■ TASK INSTRUCTIONS
Using the data below, gather each line that includes the word "Audi".

Extracted records:

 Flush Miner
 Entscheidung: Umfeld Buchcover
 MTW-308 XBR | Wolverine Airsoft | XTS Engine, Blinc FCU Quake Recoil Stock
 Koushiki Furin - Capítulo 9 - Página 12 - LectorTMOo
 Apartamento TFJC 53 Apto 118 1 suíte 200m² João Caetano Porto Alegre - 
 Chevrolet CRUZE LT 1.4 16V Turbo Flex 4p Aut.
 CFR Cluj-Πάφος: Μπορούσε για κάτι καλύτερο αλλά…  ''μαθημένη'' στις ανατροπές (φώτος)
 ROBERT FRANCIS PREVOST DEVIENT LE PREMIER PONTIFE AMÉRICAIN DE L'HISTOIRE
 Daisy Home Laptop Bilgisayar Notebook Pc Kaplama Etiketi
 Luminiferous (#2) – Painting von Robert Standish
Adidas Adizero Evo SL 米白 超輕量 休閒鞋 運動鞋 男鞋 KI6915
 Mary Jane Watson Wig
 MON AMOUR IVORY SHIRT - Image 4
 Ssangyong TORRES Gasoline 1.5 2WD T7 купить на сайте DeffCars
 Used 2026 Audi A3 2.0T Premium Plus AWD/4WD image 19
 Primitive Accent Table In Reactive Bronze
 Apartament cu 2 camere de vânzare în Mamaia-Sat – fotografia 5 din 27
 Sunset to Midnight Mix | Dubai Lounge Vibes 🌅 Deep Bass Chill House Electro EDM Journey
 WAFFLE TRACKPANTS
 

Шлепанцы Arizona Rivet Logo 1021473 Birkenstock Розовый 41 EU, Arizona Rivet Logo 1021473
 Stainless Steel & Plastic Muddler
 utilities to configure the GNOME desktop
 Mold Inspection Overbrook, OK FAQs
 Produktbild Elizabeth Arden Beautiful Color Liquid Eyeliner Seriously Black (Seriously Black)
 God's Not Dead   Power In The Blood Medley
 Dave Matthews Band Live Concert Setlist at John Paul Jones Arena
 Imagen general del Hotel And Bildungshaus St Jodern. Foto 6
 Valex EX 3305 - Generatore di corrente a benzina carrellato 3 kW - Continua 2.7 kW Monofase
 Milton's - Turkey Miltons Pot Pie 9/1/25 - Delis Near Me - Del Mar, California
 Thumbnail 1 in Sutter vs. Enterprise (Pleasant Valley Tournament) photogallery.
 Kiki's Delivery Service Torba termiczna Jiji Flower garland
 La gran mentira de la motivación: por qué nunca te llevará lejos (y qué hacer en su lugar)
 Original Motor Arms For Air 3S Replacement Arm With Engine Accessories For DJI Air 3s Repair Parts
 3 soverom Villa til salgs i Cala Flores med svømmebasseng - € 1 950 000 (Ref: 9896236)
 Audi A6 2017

■ RESPONSE BOX
 Used 2026 Audi A3 2.0T Premium Plus AWD/4WD image 19
 Audi A6 2017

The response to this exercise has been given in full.